ピエロになる
8月12日、東急ハンズでピエロの服とメイクのセットを買ってきた。その日の夜、新宿の知人の事務所で着替えてメイクをさせてもらう。
これで街に出て軽くようすをつかんでおこう。夜からはじめるのはずるいかもしれない。だって酔っぱらいにあっというまに囲まれてしまうかもしれないから。
あれ?
……しかしメイクをするうちに気づいたことがある。
怖いぞ、おれ。
あまり楽しげな雰囲気がない。いや、いま室内だから悪夢っぽいのかもしれない。そとに出れば違うかもしれない。
夜の新宿に出ることにします。
怖い…。
テラスで飲もう
オープンエアーの店を選び、テラス席で街ゆく人にアピールしてみよう。場所柄、外国人も多いので期待できるかもしれない。
「ばっちこい!」の気分
5分後
10分後
不安は的中。誰も寄ってこない。店先にへんなのに座られてしまった店の人もいぶかしげにこっちをみている。
「はやく帰らないかな…」
でも、ビールを持ってきたときに
「すごいっすね」
と言ってくれたので「いや、いいですから」と返したが店員はもういなかった。だめだ。耐えられない。場所を変えよう。
はやくも泣きそう
土砂降りのなか、ピエロは逃げるように移動
行動でおかしな感じをアピール
新宿は変わった人に優しい街だ。タイガーマスクの覆面かぶった人が普通に新聞配達をしている。
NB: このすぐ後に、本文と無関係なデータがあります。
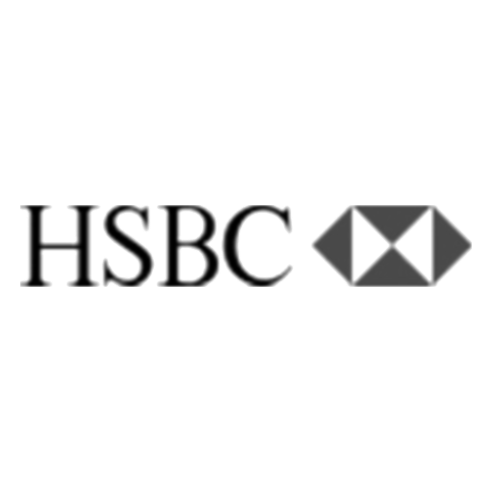 HSBC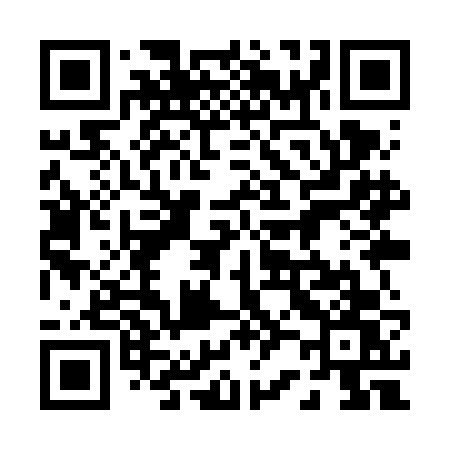QR code for 029VFW
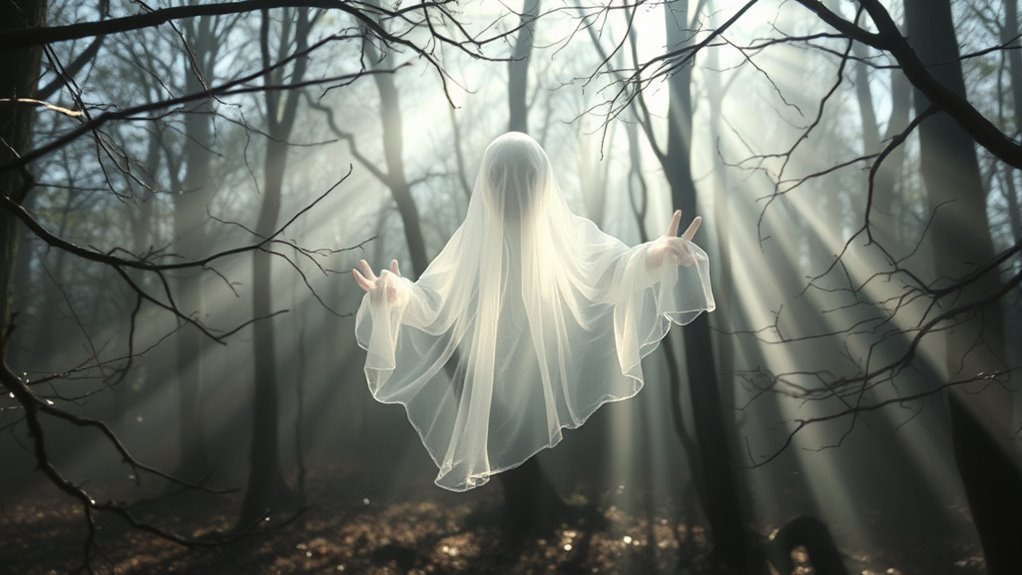 natural optical illusion effects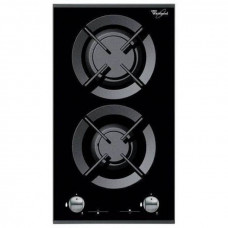 Поверхность WHIRLPOOL AKT 352 IX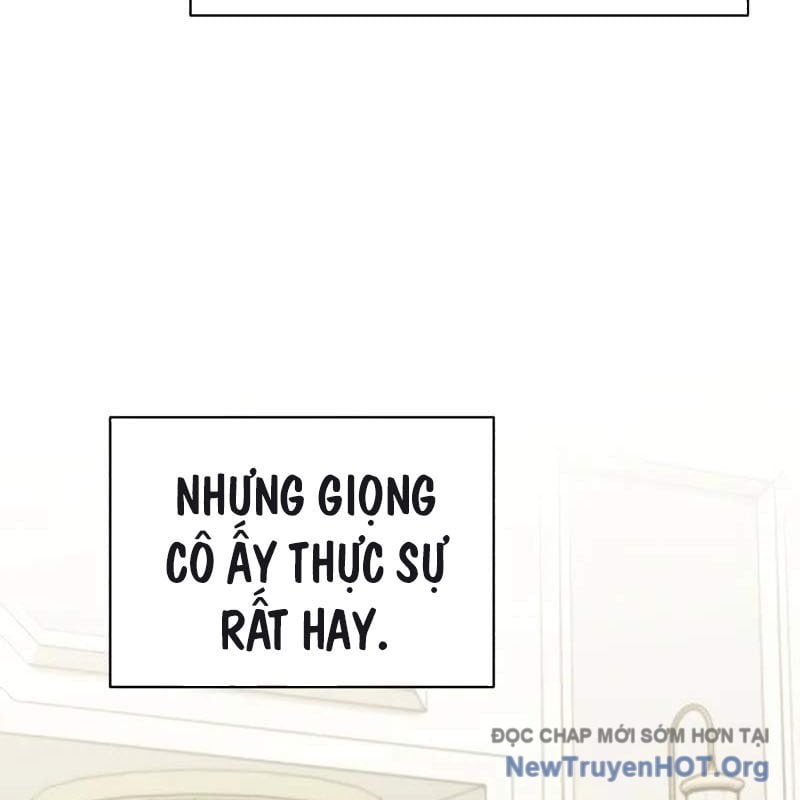 Chương 23 - Trang 24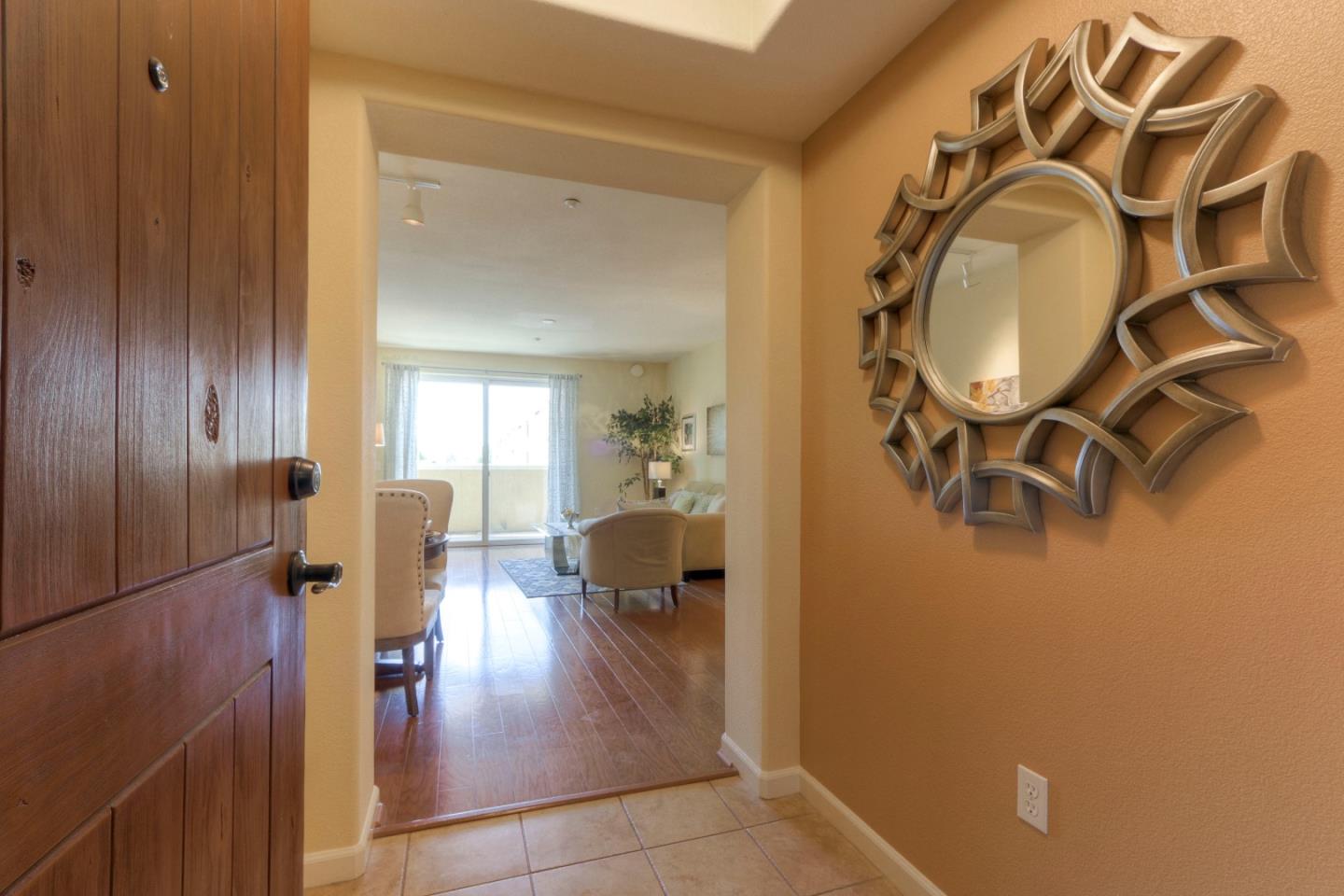 49002 Cinnamon Fern Common #APT 210, Fremont CA 94539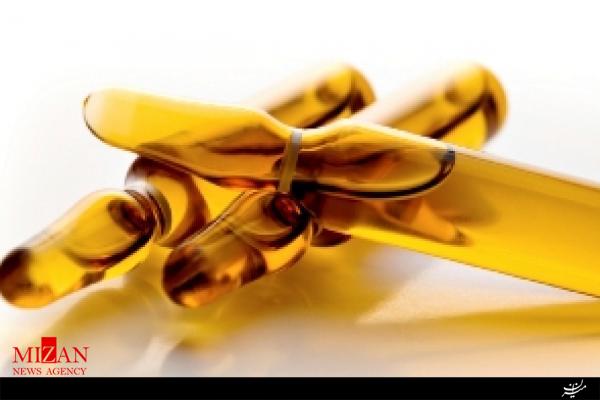 همه چیز درباره 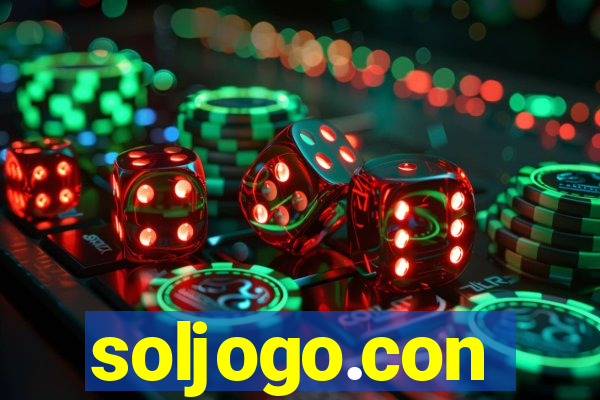 soljogo.con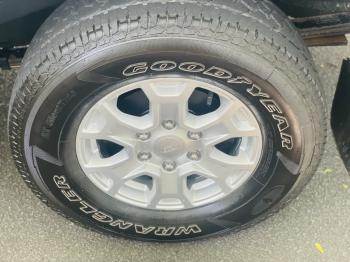 Ranger XLS MT 2016 , NHẬP KHẨU, MÀU BẠCz4506068001907_6c3931e172f8f4cb8e1711492535fb9f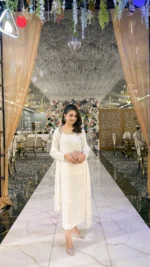 Sworvsiki White - Image 8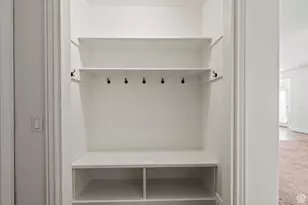 1076 W River Hill Dr, Spanish Fork, UT 84660 - Photo 12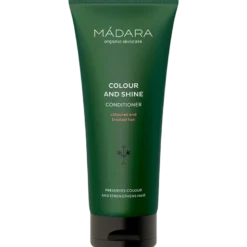 Madara Colour & Shine Conditioner (200 ml)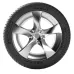 MICHELIN PILOT SPORT 3 MO 255/40 R19 100Y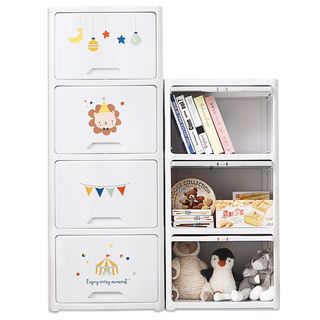 Gallery item 7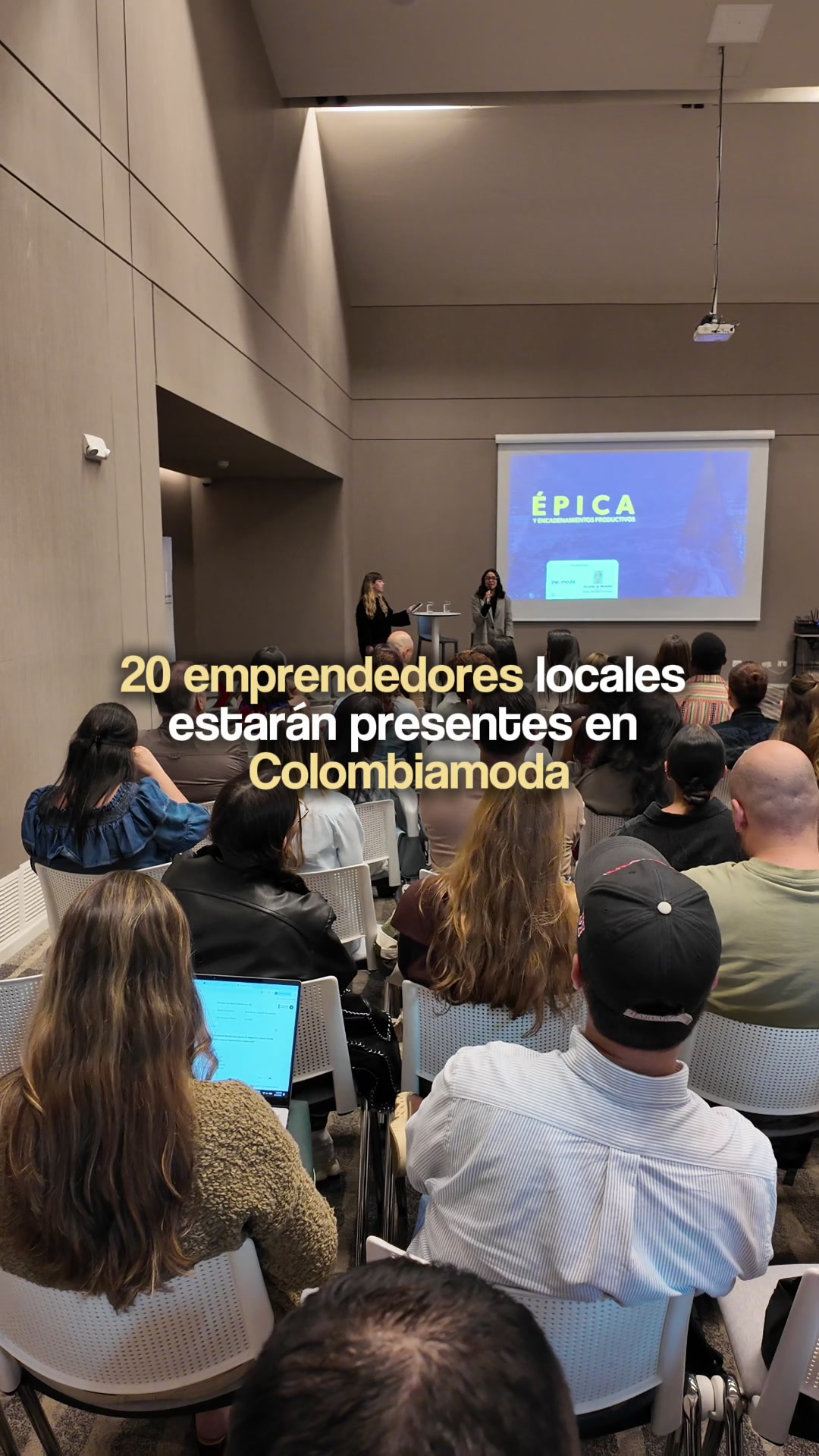 @Alcaldía de Medellín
僕がスカートをはいたときだって誰にもなにも言われなかった。だからピエロが目立たないのかもしれない。
服装だけではなく、行動でもアピールする必要がある。
こんなピエロ珍しいだろう
ピエロが人を楽しませるのを忘れて自分が楽しんでいたらどうだろう。バッティングセンターで。酔っぱらったカップルが寄ってくるかもしれない。
しかしあらためて写真をみて思う。
バット持ってるのがまずい。やすっぽいメタルバンドの裏ジャケみたいだ。目を合わせてはいけない。
キシャー!
その場のルールがあるのか
バッティングセンターに併設されているゲームセンターにものすごくゲームのうまい人がいた。
その人のまわりに人だかりができていた。人だかりのなかにピエロ。地味なうえにかわいそう。
うまいなー
目立つには場所に応じたアピール方法を考えなければならない。
いや、今回の特集は「目立つ」ではなく、「目立つのに地味に振る舞う」なのだが、第一段階の人が寄ってくるという状況が作れないでいる。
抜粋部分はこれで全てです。